■ **Task to carry out**
An exact copy of all the data below is needed, without its pictures.

■ **Information shown**
*** Block opens ***

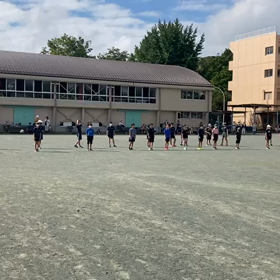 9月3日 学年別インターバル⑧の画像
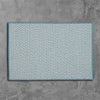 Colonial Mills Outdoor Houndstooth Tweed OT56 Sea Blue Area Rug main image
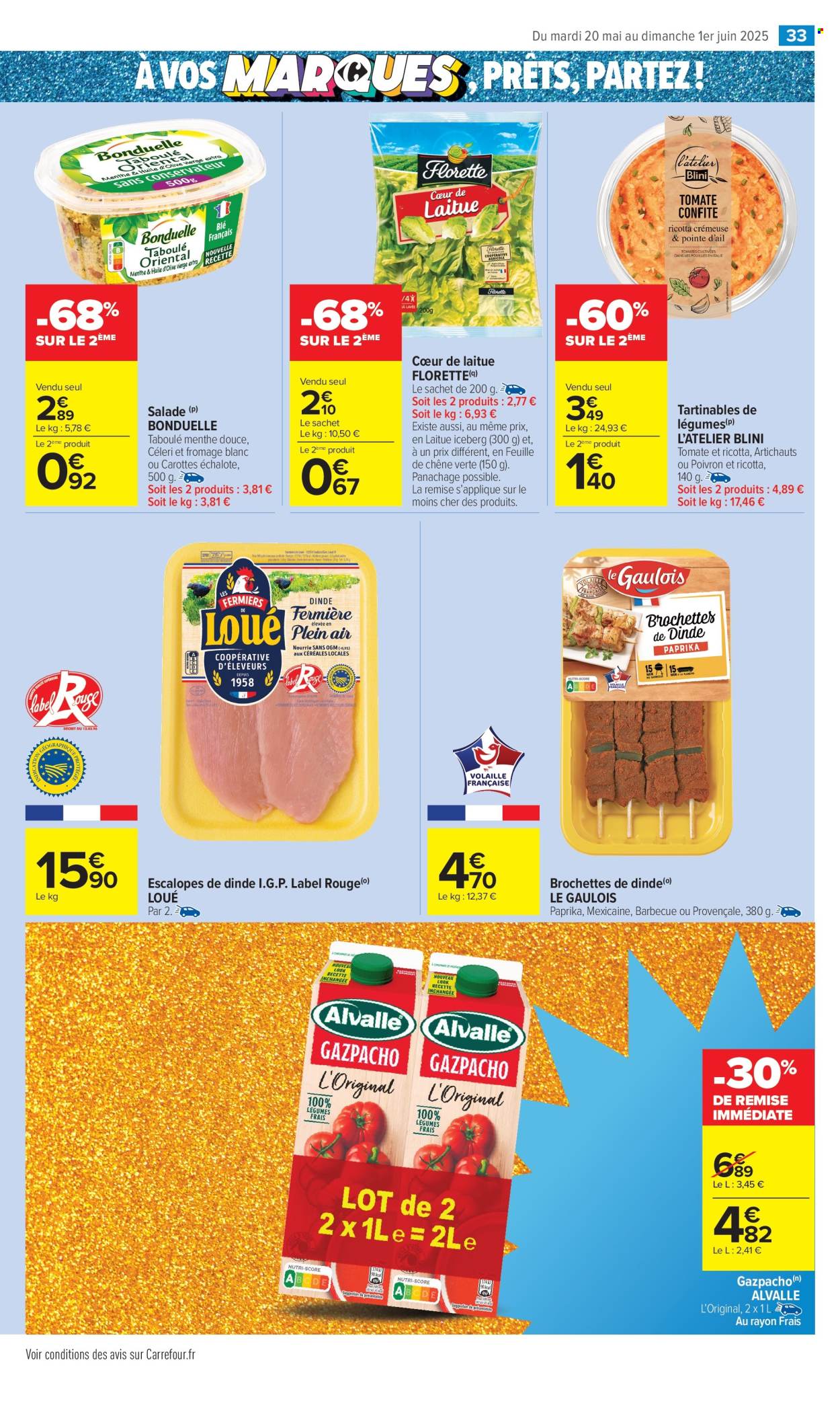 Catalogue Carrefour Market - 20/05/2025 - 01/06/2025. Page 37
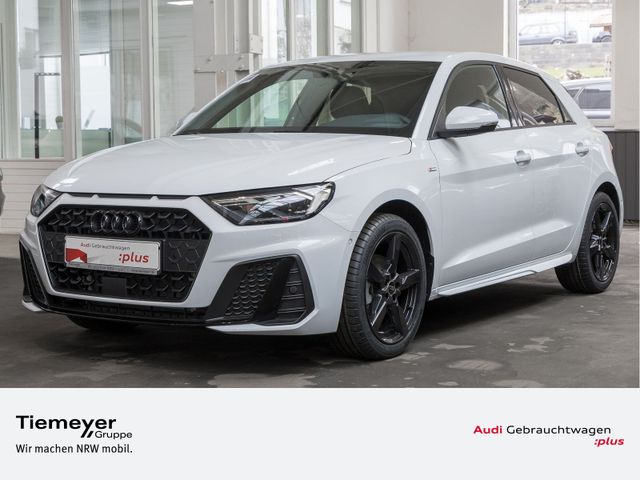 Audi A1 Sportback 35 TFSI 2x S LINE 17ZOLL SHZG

*** Block closes ***

■ **Answer for the task**
 9月3日 学年別インターバル⑧の画像
 Colonial Mills Outdoor Houndstooth Tweed OT56 Sea Blue Area Rug main image
 Catalogue Carrefour Market - 20/05/2025 - 01/06/2025. Page 37
 Audi A1 Sportback 35 TFSI 2x S LINE 17ZOLL SHZG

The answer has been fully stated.